-- Excerpted records --
★ ★ ★ ★
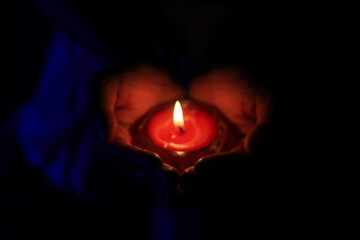 Burning candle in the hands of a girl. Christmas candles. Candle light glowing in woman's hands. Praying, faith, religion concept.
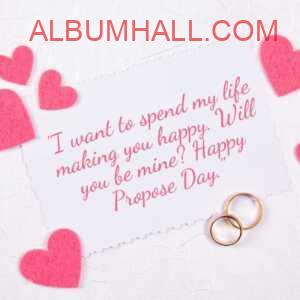 paper with pink hearts and two rings with propose day quotes saying "I want to spend my life making you happy. Will you be mine? Happy Propose Day."
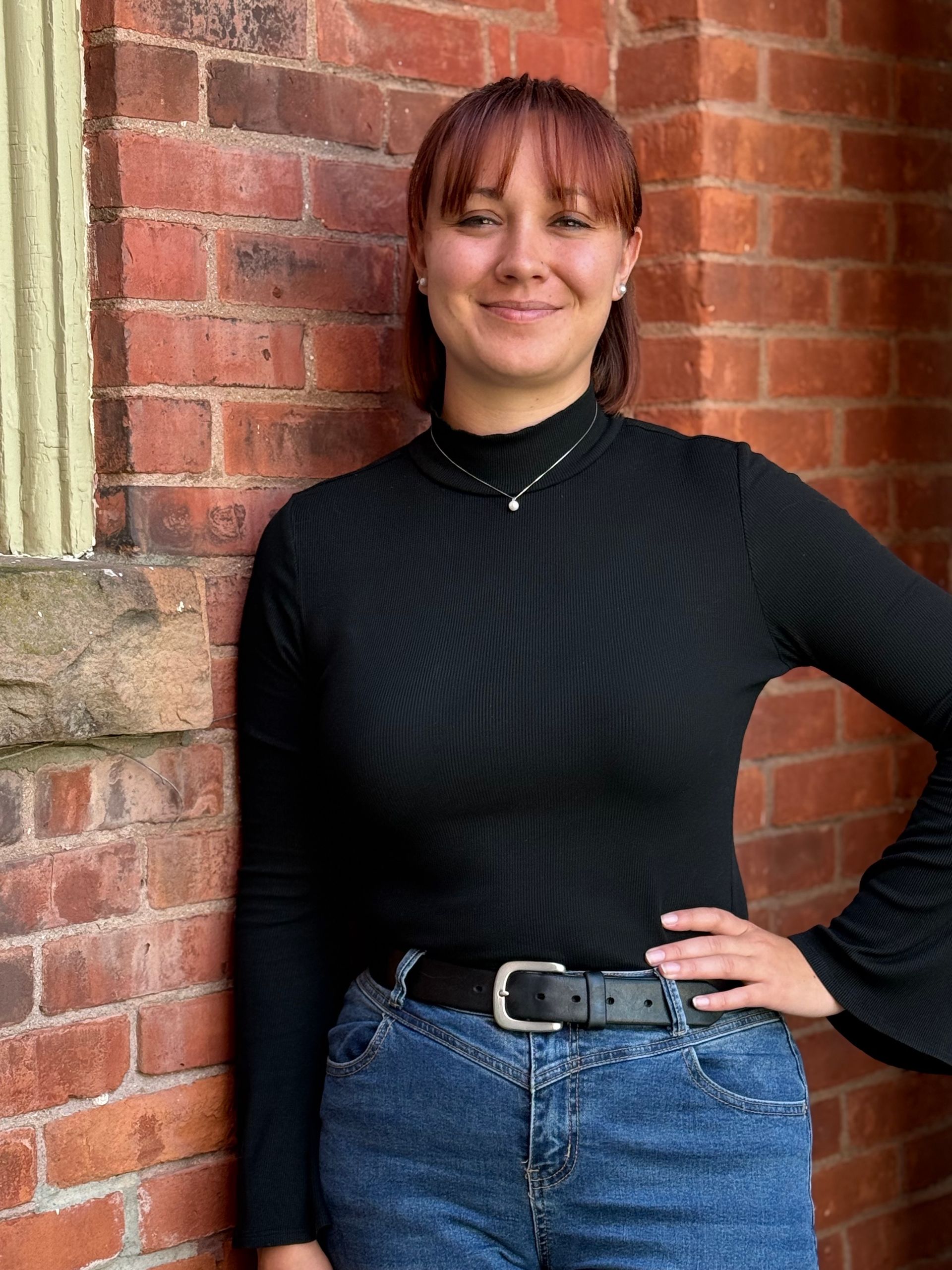 Woman leaning against a brick wall, wearing a black top and blue jeans, smiling at the camera.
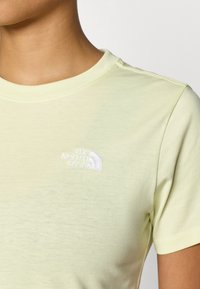 Ανοιχτό κίτρινο βαμβακερό μπλουζάκι με κοντά μανίκια, με λευκό κεντημένο λογότυπο στην αριστερή πλευρά του στήθους. Μαλακή υφή και στρογγυλή λαιμόκοψη.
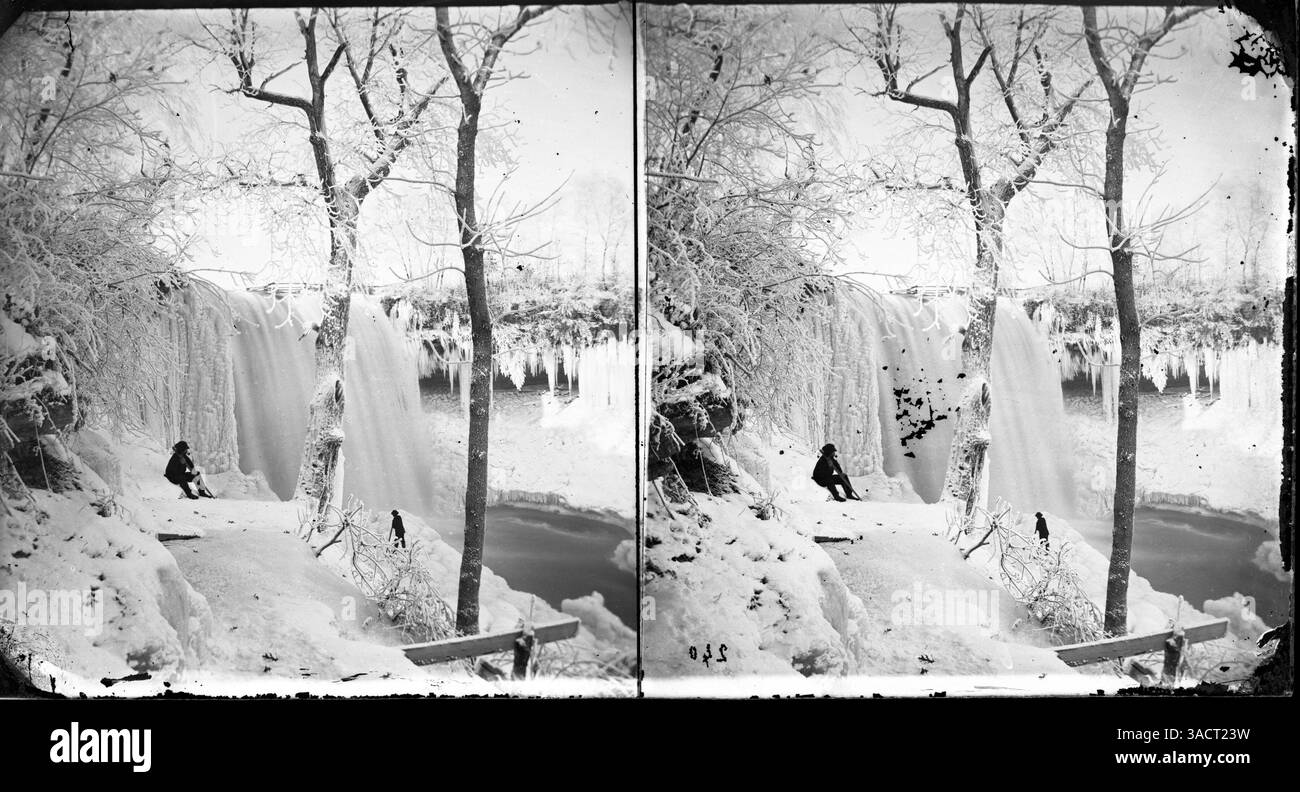 Le cascate di Minnehaha durante l'inverno vengono catturate con rami di alberi ricoperti di ghiaccio, mentre due uomini appaiono sul sentiero. Nonostante il freddo, le cascate rimangono fluenti, mostrando un bel contrasto degli effetti dell'inverno sulla natura. Foto Stock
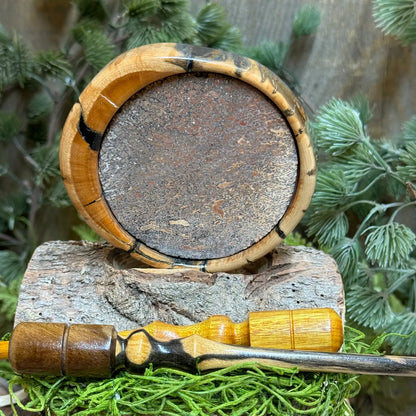 Rare Mammoth Tusk Turkey Call with Dinosaur bone surface and two premium strikers laying crisscross in foreground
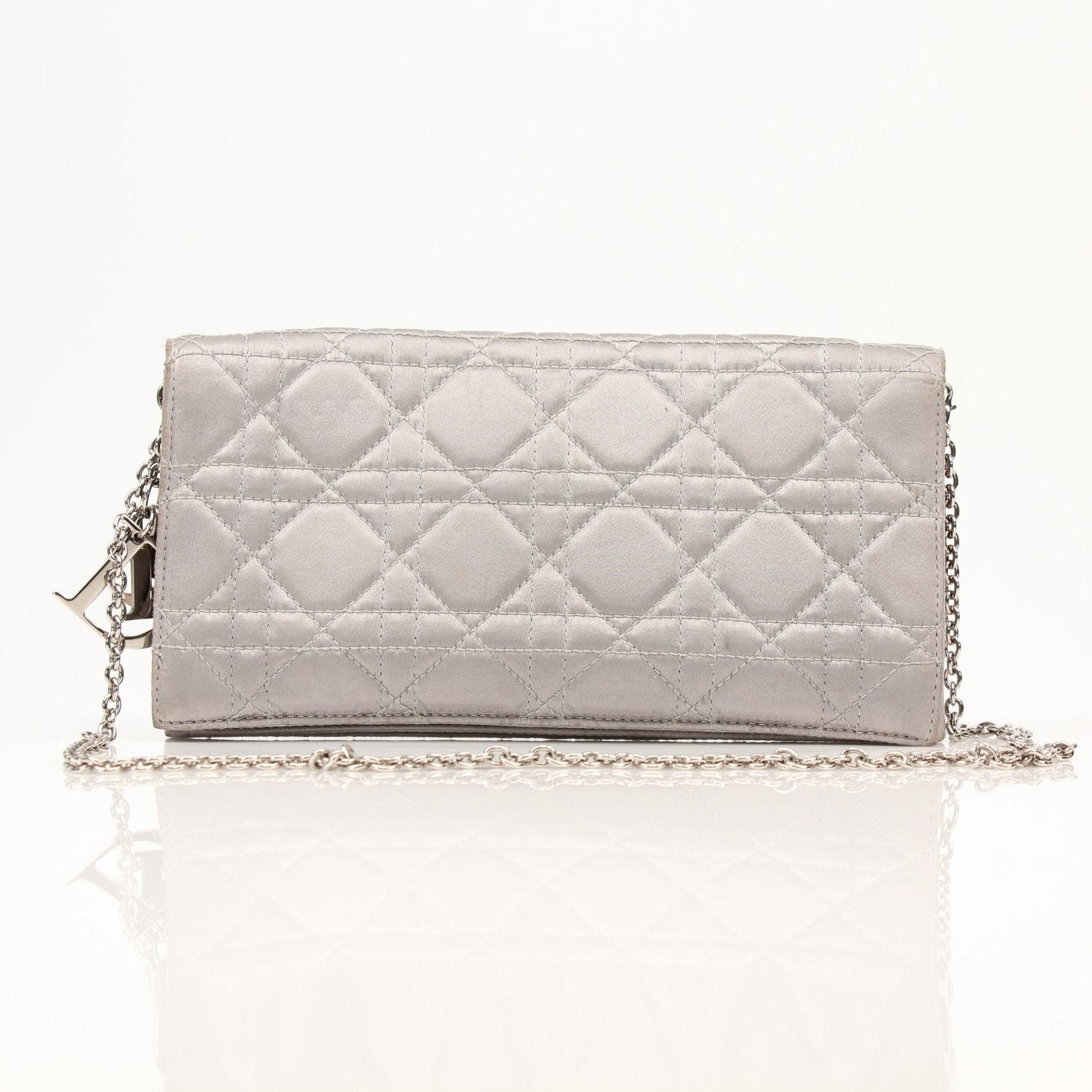 Gray satin Christian Dior Cannage clutch wallet with gold accents, featuring a quilted design and elegant style.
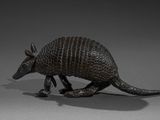a small bronze armadion figurine on a gray surface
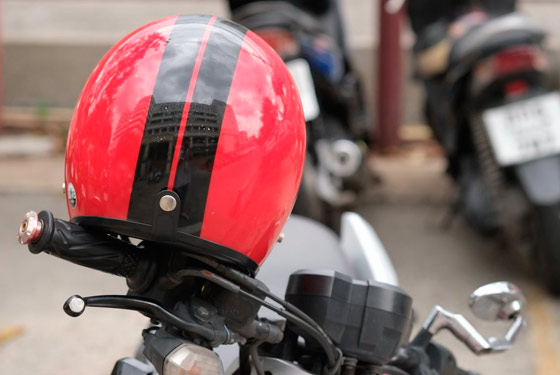 Fotografia de um capacete vermelho com duas faixas pretas verticais colocado sob o guidão de uma motocicleta.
★ ★ ★ ★
-- Task goal --
Starting at the top of the listing above, please restate word for word each line up to and including the one that holds "Ανοιχτό κίτρινο βαμβακερό", omitting every image.

-- Result --
 Burning candle in the hands of a girl. Christmas candles. Candle light glowing in woman's hands. Praying, faith, religion concept.
 paper with pink hearts and two rings with propose day quotes saying "I want to spend my life making you happy. Will you be mine? Happy Propose Day."
 Woman leaning against a brick wall, wearing a black top and blue jeans, smiling at the camera.
 Ανοιχτό κίτρινο βαμβακερό μπλουζάκι με κοντά μανίκια, με λευκό κεντημένο λογότυπο στην αριστερή πλευρά του στήθους. Μαλακή υφή και στρογγυλή λαιμόκοψη.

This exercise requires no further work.